==== Records supplied ====

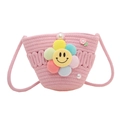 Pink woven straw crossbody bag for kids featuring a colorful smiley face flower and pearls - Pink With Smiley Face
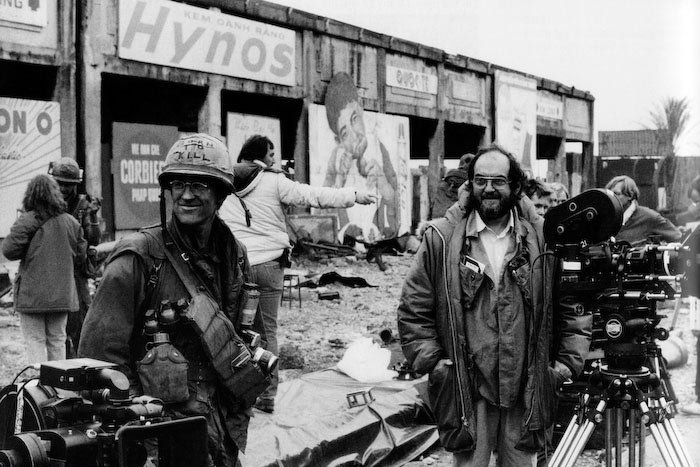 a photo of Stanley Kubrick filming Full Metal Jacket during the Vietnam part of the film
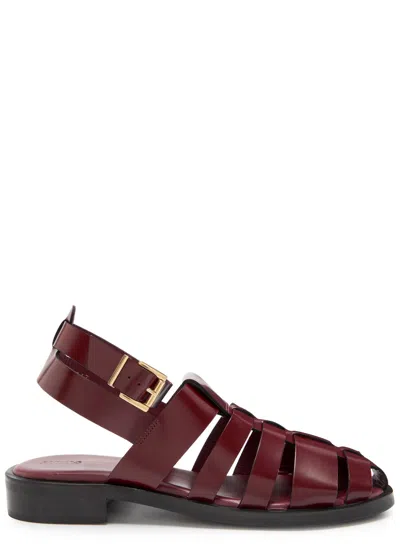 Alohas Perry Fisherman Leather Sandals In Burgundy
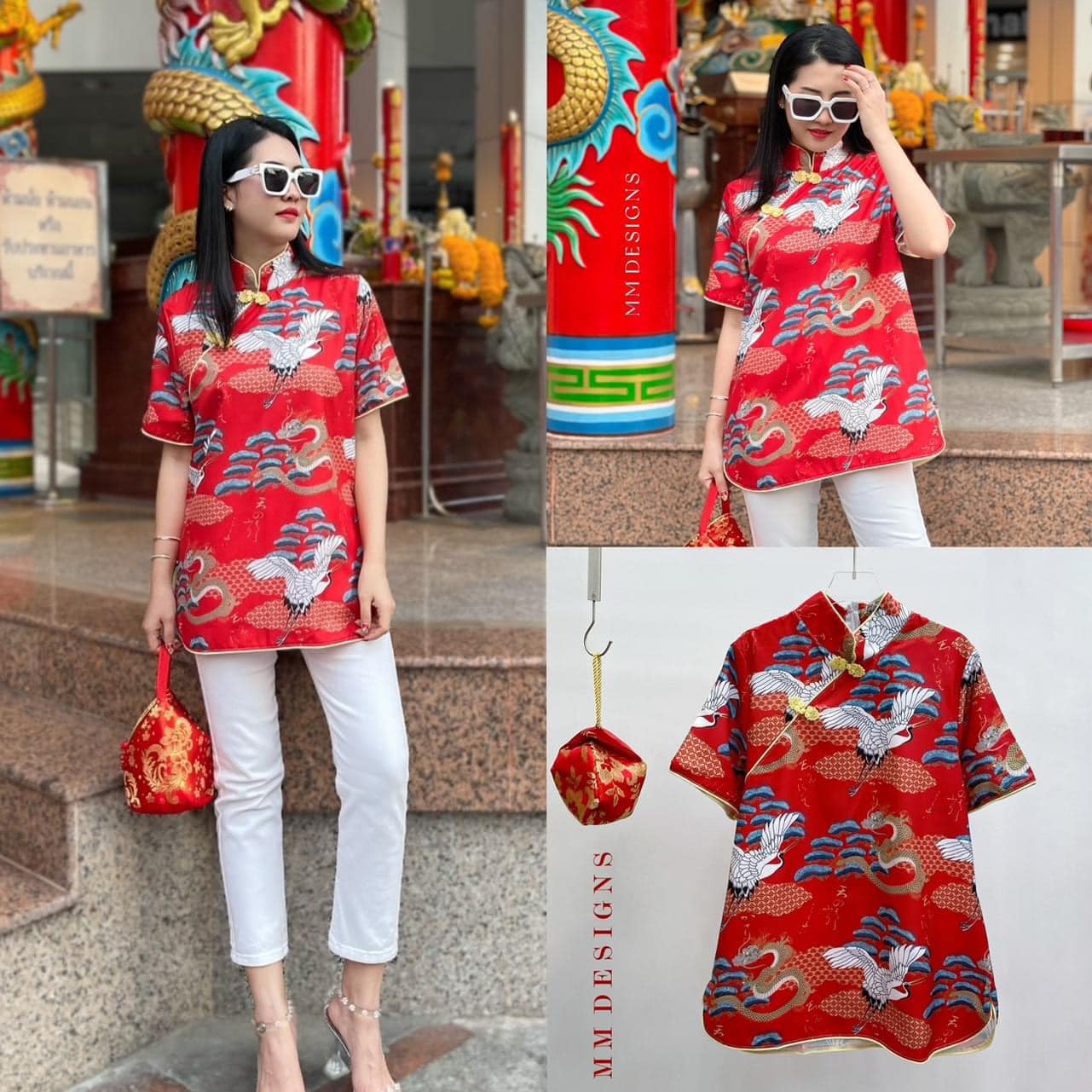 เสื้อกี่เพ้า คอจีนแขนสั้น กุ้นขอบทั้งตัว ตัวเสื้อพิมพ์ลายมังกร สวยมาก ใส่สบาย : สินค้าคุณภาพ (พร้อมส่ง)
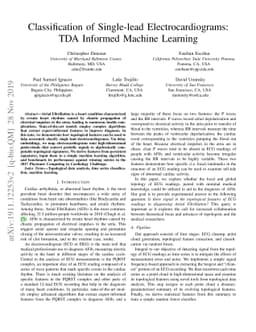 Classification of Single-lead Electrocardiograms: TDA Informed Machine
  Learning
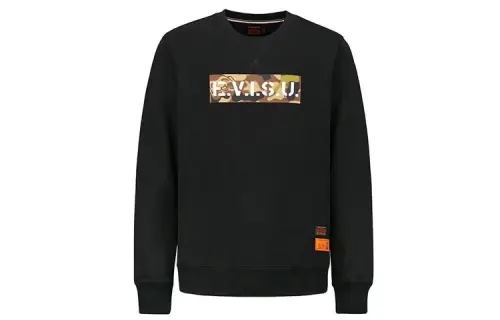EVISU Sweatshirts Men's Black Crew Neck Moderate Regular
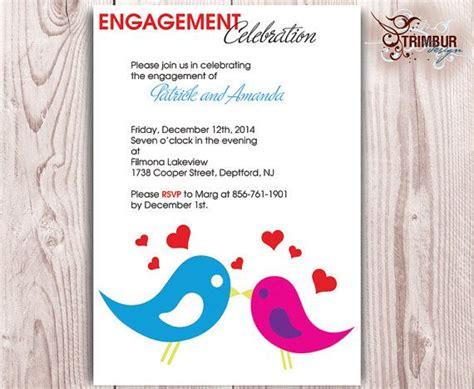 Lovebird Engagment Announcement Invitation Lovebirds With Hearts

====

● **Task objective**:
Pictures excluded, set down all the entries exactly.

● **Solution to this problem**:
 Pink woven straw crossbody bag for kids featuring a colorful smiley face flower and pearls - Pink With Smiley Face
 a photo of Stanley Kubrick filming Full Metal Jacket during the Vietnam part of the film
 Alohas Perry Fisherman Leather Sandals In Burgundy
 เสื้อกี่เพ้า คอจีนแขนสั้น กุ้นขอบทั้งตัว ตัวเสื้อพิมพ์ลายมังกร สวยมาก ใส่สบาย : สินค้าคุณภาพ (พร้อมส่ง)
 Classification of Single-lead Electrocardiograms: TDA Informed Machine
  Learning
EVISU Sweatshirts Men's Black Crew Neck Moderate Regular
 Lovebird Engagment Announcement Invitation Lovebirds With Hearts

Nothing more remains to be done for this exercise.